STOPA: A Database of Systematic VariaTion Of DeePfake Audio for Open-Set Source Tracing and Attribution
Anton Firc, Manasi Chhibber, Jagabandhu Mishra, Vishwanath Pratap Singh, Tomi Kinnunen, Kamil Malinka
TL;DR
This paper introduces STOPA, a systematically varied, metadata-rich dataset designed for open-world source tracing and attribution of deepfake audio. STOPA enables controlled variation across multiple acoustic models (AMs) and vocoders (VMs) using the VCTK corpus and an ASVspoof2019 LA-like protocol to support scalable, attack-disjoint evaluation. The authors frame source tracing as an open-world detection task and demonstrate baseline zero-shot attribution experiments, revealing substantial challenges with high EERs and non-discriminative embedding spaces.
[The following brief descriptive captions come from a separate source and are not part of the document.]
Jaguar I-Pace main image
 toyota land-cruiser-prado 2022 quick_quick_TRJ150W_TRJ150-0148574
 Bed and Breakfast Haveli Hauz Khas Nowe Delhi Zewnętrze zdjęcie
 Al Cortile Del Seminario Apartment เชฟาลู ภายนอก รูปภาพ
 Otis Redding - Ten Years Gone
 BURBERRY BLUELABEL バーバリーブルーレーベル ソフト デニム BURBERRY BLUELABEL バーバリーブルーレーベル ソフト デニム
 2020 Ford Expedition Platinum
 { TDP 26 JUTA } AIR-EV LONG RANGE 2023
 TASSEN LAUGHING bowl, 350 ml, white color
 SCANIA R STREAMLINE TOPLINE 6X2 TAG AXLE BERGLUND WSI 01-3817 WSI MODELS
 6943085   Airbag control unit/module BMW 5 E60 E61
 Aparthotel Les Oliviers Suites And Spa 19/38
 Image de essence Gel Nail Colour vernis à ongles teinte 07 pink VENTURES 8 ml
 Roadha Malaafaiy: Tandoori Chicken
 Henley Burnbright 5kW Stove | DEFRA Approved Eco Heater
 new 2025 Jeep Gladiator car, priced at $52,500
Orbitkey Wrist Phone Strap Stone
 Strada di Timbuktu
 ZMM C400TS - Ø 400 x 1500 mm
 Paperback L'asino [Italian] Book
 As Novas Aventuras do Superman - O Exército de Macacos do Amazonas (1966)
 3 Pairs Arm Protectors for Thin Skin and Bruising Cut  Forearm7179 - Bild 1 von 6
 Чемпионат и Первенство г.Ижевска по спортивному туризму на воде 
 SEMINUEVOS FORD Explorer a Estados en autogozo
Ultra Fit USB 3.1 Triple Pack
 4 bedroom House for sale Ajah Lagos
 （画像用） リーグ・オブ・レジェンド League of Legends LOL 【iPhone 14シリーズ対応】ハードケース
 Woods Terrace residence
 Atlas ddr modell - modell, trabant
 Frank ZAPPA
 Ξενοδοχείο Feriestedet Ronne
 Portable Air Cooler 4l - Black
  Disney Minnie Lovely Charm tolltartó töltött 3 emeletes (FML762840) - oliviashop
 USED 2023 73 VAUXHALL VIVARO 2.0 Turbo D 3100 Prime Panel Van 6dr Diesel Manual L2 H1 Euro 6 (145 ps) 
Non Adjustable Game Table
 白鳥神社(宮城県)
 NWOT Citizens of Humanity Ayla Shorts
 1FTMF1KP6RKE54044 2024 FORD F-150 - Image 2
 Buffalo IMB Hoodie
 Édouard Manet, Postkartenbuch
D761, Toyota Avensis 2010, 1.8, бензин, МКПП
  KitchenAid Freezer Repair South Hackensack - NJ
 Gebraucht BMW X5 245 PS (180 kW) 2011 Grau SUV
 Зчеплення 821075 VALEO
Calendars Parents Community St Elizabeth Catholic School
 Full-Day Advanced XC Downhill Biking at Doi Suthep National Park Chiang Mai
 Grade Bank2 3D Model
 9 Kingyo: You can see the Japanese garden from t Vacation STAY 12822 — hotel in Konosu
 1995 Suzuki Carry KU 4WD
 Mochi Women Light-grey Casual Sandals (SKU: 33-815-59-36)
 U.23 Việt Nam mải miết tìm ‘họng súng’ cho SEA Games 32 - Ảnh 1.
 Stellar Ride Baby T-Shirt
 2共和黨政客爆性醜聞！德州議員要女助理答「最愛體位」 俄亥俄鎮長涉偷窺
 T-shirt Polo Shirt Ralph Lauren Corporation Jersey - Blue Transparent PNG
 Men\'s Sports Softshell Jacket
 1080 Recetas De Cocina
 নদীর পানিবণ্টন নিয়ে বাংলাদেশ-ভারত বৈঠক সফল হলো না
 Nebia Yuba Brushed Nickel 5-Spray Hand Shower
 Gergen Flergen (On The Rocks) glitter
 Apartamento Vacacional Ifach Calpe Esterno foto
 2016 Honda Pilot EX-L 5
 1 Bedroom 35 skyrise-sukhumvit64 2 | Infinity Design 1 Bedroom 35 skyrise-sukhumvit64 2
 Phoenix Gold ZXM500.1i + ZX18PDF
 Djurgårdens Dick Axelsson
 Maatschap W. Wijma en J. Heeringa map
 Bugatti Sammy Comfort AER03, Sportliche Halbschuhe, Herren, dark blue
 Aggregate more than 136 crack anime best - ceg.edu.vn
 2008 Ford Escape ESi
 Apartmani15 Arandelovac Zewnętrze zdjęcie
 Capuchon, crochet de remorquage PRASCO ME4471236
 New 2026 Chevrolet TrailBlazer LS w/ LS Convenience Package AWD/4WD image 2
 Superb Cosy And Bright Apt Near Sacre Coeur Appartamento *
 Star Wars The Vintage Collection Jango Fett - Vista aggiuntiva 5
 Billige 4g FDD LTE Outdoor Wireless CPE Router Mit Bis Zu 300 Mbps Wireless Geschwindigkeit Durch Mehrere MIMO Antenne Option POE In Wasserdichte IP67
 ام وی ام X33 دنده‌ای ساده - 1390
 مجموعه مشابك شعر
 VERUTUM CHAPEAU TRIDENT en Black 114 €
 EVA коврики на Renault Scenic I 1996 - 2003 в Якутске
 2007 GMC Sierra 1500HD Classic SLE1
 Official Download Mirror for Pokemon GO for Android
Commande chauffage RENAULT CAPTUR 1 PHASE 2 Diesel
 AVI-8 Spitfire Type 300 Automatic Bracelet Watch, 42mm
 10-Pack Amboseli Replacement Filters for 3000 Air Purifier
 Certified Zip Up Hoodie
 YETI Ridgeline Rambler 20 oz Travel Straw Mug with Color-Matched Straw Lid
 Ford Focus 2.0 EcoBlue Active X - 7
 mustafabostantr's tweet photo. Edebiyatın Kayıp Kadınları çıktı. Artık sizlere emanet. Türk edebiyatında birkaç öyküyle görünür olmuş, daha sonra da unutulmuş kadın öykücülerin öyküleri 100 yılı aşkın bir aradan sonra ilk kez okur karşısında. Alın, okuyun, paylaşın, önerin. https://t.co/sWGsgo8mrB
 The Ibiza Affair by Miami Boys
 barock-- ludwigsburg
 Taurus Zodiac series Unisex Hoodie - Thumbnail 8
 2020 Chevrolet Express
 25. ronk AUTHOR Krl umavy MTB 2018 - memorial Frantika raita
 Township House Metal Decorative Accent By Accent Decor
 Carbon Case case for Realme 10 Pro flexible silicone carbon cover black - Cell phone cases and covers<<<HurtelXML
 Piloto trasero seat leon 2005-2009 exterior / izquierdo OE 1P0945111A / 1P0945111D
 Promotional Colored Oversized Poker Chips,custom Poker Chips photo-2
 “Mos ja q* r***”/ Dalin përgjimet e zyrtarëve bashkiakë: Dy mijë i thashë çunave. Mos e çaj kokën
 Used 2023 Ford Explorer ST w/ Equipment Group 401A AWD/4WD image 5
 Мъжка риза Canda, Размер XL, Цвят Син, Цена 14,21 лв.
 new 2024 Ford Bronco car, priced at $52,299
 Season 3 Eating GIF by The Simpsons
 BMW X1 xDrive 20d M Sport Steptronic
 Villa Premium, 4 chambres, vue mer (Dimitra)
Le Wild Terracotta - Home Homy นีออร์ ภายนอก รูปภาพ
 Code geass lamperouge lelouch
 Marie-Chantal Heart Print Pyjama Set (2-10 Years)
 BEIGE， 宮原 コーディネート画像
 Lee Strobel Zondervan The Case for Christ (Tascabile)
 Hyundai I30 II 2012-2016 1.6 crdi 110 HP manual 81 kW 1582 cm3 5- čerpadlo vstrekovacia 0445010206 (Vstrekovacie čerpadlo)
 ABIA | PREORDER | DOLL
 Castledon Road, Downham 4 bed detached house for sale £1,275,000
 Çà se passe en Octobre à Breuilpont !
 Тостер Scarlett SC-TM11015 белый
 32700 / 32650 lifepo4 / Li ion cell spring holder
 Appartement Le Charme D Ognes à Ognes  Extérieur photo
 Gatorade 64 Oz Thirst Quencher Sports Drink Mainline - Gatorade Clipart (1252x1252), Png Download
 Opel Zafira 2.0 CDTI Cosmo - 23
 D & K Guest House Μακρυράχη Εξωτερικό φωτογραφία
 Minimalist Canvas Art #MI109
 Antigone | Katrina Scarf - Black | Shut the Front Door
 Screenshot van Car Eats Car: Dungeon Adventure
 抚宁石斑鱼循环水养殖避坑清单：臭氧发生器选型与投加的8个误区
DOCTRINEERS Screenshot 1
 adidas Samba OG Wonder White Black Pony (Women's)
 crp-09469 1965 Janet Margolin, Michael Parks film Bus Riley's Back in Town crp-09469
By providing a public benchmark and code, STOPA aims to spur development of dynamic attack-signature databases and robust attribution methods for forensic and transparency applications.
Abstract
A key research area in deepfake speech detection is source tracing - determining the origin of synthesised utterances. The approaches may involve identifying the acoustic model (AM), vocoder model (VM), or other generation-specific parameters. However, progress is limited by the lack of a dedicated, systematically curated dataset. To address this, we introduce STOPA, a systematically varied and metadata-rich dataset for deepfake speech source tracing, covering 8 AMs, 6 VMs, and diverse parameter settings across 700k samples from 13 distinct synthesisers. Unlike existing datasets, which often feature limited variation or sparse metadata, STOPA provides a systematically controlled framework covering a broader range of generative factors, such as the choice of the vocoder model, acoustic model, or pretrained weights, ensuring higher attribution reliability. This control improves attribution accuracy, aiding forensic analysis, deepfake detection, and generative model transparency.